Repeat word for word the lines from the top of the records through the line containing "电解质溶液中粒子浓度大小及守恒关系文档资料.doc_第2页", and skip the pictures.
Material for this task Block Start
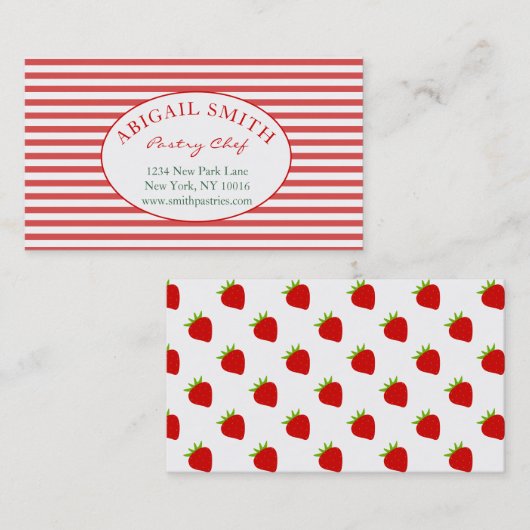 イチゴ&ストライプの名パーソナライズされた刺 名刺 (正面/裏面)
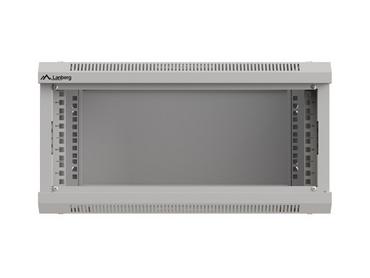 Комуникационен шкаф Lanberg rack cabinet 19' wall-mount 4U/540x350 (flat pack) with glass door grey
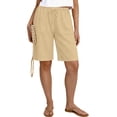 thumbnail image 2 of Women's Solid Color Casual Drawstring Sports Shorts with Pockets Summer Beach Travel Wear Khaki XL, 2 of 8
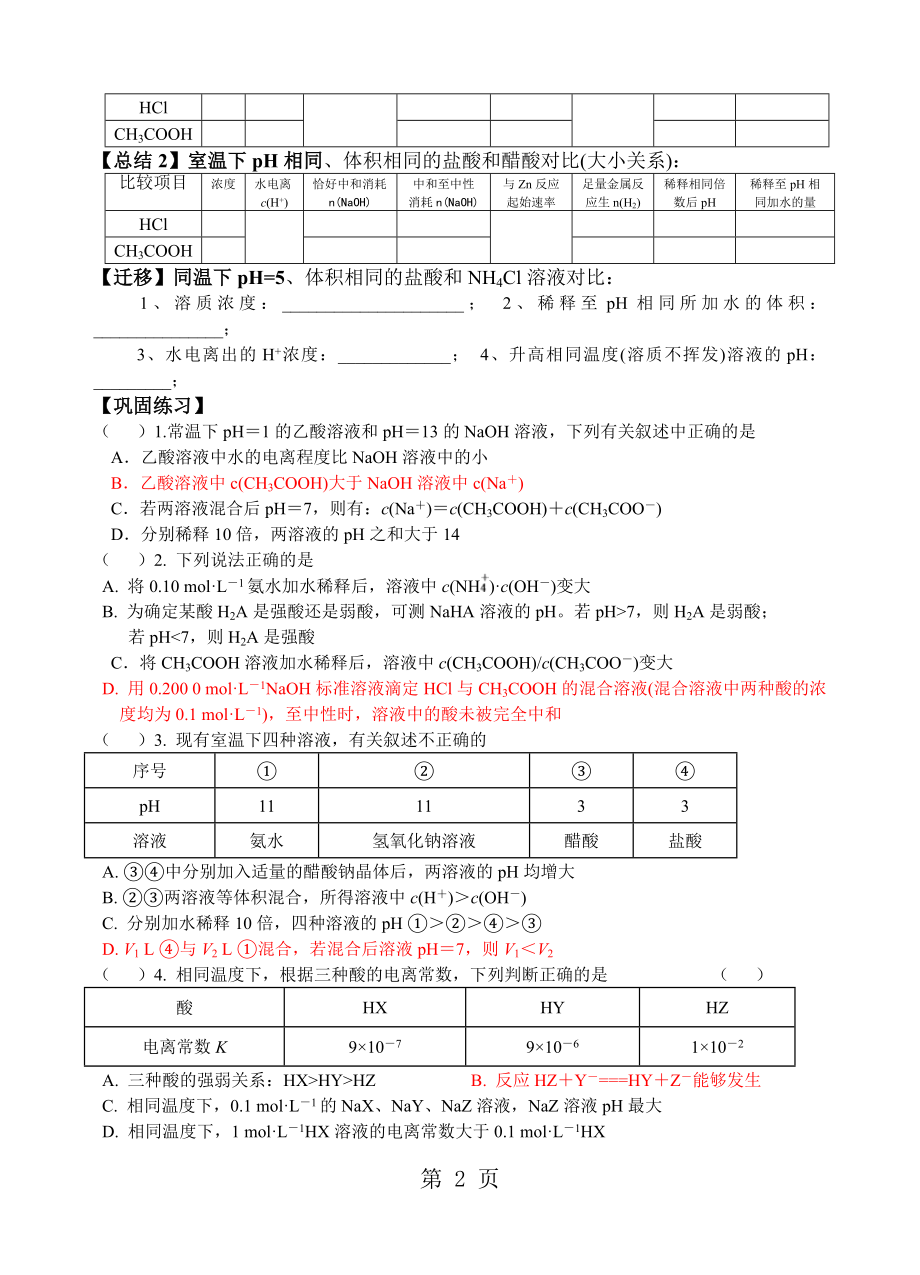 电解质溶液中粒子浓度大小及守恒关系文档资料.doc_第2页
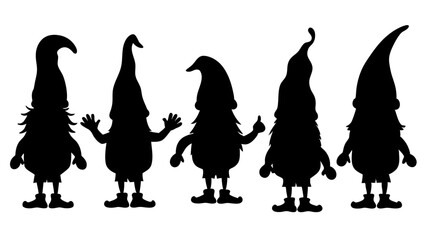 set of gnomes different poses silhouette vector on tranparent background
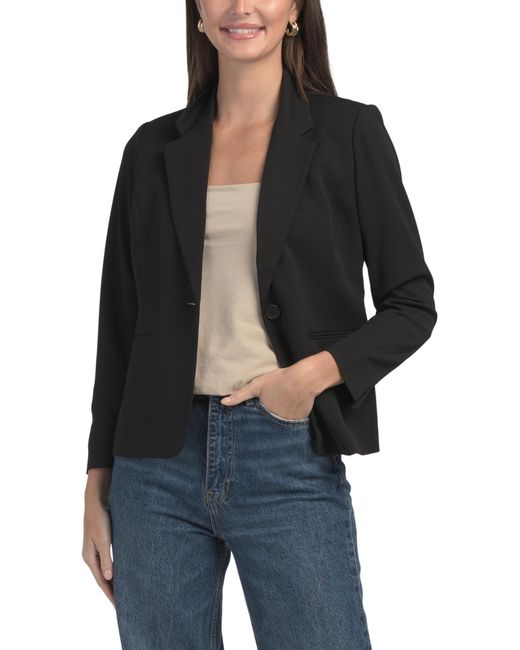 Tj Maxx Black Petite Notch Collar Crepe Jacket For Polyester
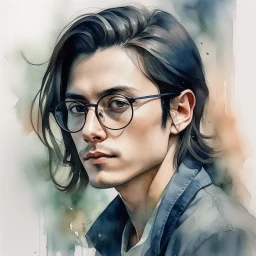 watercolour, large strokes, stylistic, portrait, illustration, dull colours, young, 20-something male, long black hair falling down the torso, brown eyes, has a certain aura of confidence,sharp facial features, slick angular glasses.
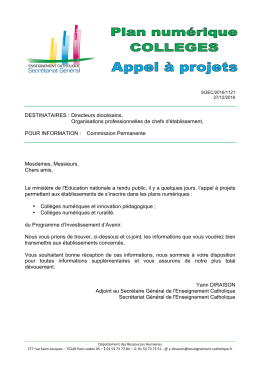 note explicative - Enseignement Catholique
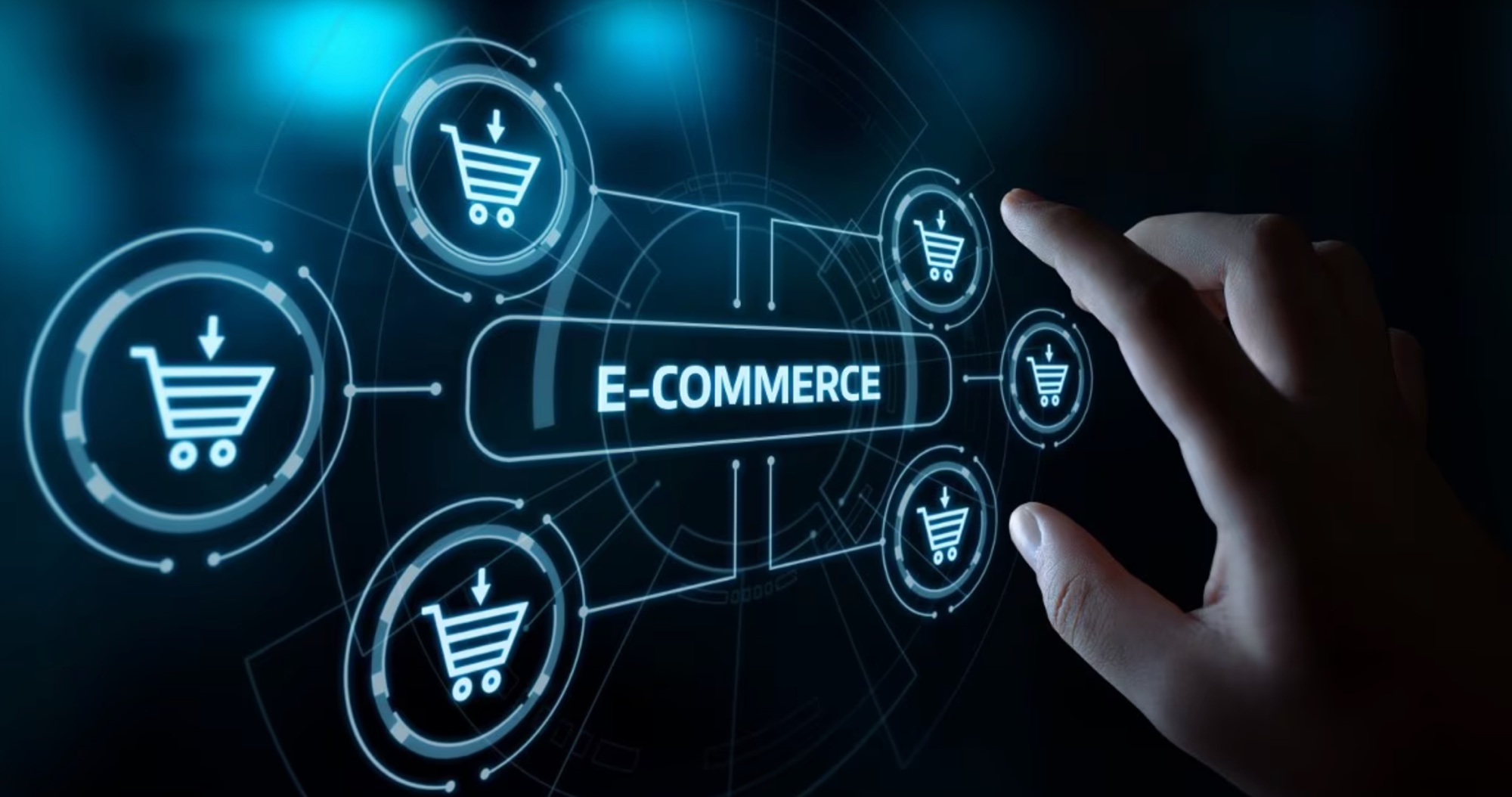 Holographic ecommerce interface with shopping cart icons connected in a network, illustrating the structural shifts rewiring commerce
Material for this task Block End
> _Completed exercise_:
 イチゴ&ストライプの名パーソナライズされた刺 名刺 (正面/裏面)
 Комуникационен шкаф Lanberg rack cabinet 19' wall-mount 4U/540x350 (flat pack) with glass door grey
 thumbnail image 2 of Women's Solid Color Casual Drawstring Sports Shorts with Pockets Summer Beach Travel Wear Khaki XL, 2 of 8
 电解质溶液中粒子浓度大小及守恒关系文档资料.doc_第2页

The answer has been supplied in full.